Sort through the data and copy the lines holding the word "Cover".

══════════

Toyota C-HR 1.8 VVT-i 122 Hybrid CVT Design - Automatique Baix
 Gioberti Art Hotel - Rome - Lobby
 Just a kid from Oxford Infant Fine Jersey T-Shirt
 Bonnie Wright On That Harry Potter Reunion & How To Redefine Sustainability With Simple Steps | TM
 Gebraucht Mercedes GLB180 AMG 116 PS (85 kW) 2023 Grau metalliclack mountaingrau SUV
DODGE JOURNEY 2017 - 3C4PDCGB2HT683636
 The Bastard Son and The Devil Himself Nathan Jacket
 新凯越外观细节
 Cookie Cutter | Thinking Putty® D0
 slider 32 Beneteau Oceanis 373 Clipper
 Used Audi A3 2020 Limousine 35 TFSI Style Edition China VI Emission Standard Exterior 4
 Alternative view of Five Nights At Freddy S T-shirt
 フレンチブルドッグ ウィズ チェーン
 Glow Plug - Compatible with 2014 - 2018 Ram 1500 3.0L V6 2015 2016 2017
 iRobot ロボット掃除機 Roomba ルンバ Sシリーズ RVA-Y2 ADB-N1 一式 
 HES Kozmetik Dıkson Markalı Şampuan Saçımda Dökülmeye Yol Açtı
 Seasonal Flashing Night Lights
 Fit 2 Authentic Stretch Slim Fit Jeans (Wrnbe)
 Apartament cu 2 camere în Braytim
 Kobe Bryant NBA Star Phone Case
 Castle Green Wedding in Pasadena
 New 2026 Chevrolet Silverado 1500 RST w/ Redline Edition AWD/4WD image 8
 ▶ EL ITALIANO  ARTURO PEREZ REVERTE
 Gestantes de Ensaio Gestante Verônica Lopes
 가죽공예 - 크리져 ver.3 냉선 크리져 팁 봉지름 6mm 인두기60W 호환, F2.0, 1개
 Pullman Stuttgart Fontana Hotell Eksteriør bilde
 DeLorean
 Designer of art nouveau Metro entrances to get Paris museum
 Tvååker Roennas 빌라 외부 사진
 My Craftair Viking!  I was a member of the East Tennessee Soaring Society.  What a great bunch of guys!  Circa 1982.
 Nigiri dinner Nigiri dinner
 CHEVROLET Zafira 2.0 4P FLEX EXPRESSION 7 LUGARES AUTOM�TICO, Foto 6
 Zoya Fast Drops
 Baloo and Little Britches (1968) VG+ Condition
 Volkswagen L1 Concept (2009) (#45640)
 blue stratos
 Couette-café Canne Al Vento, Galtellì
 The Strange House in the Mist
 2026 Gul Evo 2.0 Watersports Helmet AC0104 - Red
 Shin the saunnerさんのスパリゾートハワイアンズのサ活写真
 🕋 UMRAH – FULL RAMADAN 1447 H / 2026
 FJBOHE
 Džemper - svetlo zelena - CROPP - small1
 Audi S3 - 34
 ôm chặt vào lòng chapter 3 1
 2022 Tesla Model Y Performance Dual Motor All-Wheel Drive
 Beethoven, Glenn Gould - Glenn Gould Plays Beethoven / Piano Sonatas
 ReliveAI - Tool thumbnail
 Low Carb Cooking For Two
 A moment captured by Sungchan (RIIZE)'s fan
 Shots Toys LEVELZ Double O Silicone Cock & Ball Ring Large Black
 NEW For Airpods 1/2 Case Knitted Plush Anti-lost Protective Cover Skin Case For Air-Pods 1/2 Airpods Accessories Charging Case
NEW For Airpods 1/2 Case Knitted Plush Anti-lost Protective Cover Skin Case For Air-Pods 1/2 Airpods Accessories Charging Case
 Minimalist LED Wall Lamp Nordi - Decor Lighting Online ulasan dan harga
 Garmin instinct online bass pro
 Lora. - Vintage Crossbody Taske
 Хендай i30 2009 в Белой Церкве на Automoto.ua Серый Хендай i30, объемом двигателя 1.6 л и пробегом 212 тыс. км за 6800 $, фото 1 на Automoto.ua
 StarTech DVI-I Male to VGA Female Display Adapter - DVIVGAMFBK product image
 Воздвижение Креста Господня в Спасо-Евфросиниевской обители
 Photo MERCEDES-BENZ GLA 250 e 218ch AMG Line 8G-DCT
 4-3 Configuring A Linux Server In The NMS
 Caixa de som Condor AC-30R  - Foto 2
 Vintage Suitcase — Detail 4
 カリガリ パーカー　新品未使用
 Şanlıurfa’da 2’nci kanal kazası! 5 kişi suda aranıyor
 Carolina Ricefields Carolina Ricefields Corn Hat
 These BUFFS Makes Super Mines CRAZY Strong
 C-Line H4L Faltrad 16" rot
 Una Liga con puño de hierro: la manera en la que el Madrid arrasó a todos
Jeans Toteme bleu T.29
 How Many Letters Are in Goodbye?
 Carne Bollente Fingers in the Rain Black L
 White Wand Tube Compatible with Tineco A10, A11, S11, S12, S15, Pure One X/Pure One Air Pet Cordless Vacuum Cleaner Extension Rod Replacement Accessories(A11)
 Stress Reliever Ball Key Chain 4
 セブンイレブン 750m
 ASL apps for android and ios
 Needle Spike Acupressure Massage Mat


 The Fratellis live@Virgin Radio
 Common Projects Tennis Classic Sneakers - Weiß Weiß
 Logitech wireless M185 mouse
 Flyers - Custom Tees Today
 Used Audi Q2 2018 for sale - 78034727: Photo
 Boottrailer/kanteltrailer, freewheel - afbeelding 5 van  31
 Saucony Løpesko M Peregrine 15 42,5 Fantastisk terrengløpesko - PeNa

══════════

# TASK OUTPUT:
 NEW For Airpods 1/2 Case Knitted Plush Anti-lost Protective Cover Skin Case For Air-Pods 1/2 Airpods Accessories Charging Case
NEW For Airpods 1/2 Case Knitted Plush Anti-lost Protective Cover Skin Case For Air-Pods 1/2 Airpods Accessories Charging Case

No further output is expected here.